1 Introduction

The number of samples commonly differs from one class to another in classification problems. This problem, known as the imbalanced data set problem [1,2,3,4,5,6,7], arises in most real-world applications. The point is that most current inductive learning principles resides on a sum of squared errors that do not take priors into account, which generally results in a classification bias towards the majority class.

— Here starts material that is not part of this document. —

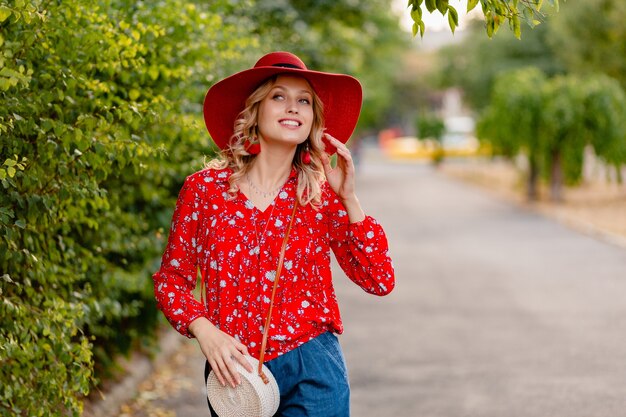 Hermosa mujer sonriente rubia con estilo atractivo en traje de moda de verano de sombrero rojo paja y blusa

One possible approach to handle this problem is to consider an alternative criterion to the overall learning error [4, 8, 9]. Other solution is the use of data resampling, which indirectly modifies the selection probability of the patterns during the learning phase. According to the Bayesian decision theory, the effect of changing the prior probabilities is analogous to set a new decision boundary for a probability-based classifier [10]. Many data resampling techniques have been proposed in the Literature, as for example, “Synthetic Minority Oversampling Technique” (SMOTE) [11], “Weighted Wilson’s editing” (WWE) [12] and “Adaptive Synthetic Sampling” (ADASYN) [13]. However, it has been shown that the classifier performance depends on both an ad hoc parameter setting (eg, percentage of data to be under- or over-sampled in a class and scale of local neighborhood, to mention a few) and the choice of the classifier itself. Experiments in [8, 14] suggested that well-known resampling techniques do not lead to performance improvement in Multi-Layer Perceptron (MLP) neural networks, even in the case of optimized parameter settings. Another solution is the use of ensemble learning, that has shown improvements for MLPs [15, 16]. Ensemble extensions for imbalanced learning consider changes in the pattern probability function during the training phase. Such change has an effect on the model selection criterion, since the lowest overall error rate, as in Adaboost [17], gives way to a balanced decision among the classes accuracy rates given the consideration of the respective priors. Since the ensemble approach is based on a combination of different hypotheses (eg, MLPs neural networks), it usually leads to longer training times. This is the case especially when MLPs are used as weak learners.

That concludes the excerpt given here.